University of Georgia College of Pharmacy
- Type: Public
- Established: 1903
- Dean: Dr. Kelly Smith
- Location: Athens, Georgia, USA
- Website: rx.uga.edu

= University of Georgia College of Pharmacy =

The University of Georgia College of Pharmacy is a college within the University of Georgia (UGA) in Athens, Georgia, United States.

==History==
The College of Pharmacy was established and opened in 1903 as the School of Pharmacy and was located in Science Hall. The school had a local physician, Dr. Samuel C. Benedict, serving as the part-time Dean and a local pharmacist at H.R. Palmer & Sons, Arthur J. Palmer, serving as a part-time professor of Pharmacy. Dr. Benedict also taught Materia Medica. Science Hall was destroyed by fire in November of that first year, so the School of Pharmacy was moved into the basement of Terrell Hall.
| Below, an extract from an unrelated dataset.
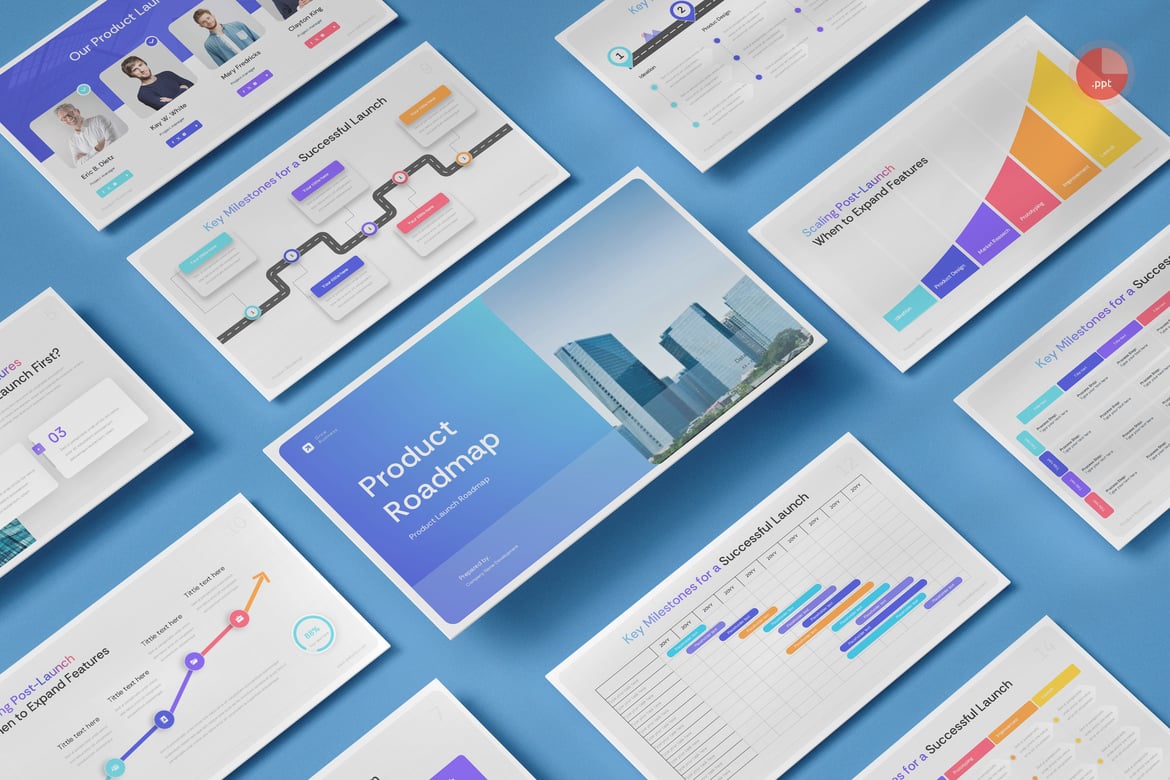 Template Presentasi PowerPoint: Peta Jalan Peluncuran Produk yang Menarik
The school hired Robert C. Wilson as its first full-time staff member for the beginning of the 1907-08 school year (Wilson was the grandson of George Foster Pierce). The first group of graduates commenced in 1908 earning their Pharmacy Graduate (Ph.G.) degrees.
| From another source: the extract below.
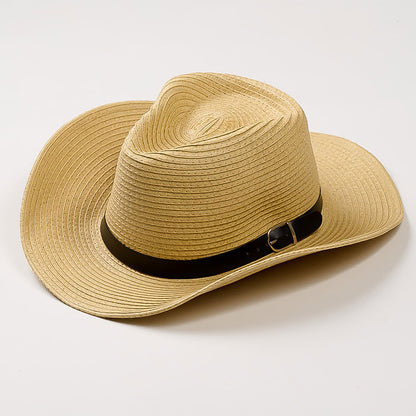 Wide Brim Buckle Trim Hat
Upon Dean Benedict's death in 1914, Robert Wilson became the director of the school and remained in that position until 1948. Wilson was named as the Dean of the School of Pharmacy in 1924. The school later changed its name to the College of Pharmacy. In 1926, the school became one of the first in the country to offer a four-year Bachelor of Science in Pharmacy. It also disbanded its two-year Ph.G degree track at this time.

The school's location remained in Terrell Hall until 1939 when it moved into the second and third floors of the newly remodeled New College building. In the 1940s, Robert W. Woodruff gave multiple donations to fund a dispensing laboratory, dispensary, and pharmacology laboratory.

The College's Master of Science program began in 1951 and the Ph.D. program in 1964 with the first doctorates conferred in 1967. The school moved into its current facility, the Robert C. Wilson Pharmacy Building, in 1964; however, the building was not named after Wilson until 1978 (Dr. Wilson's 100th birthday).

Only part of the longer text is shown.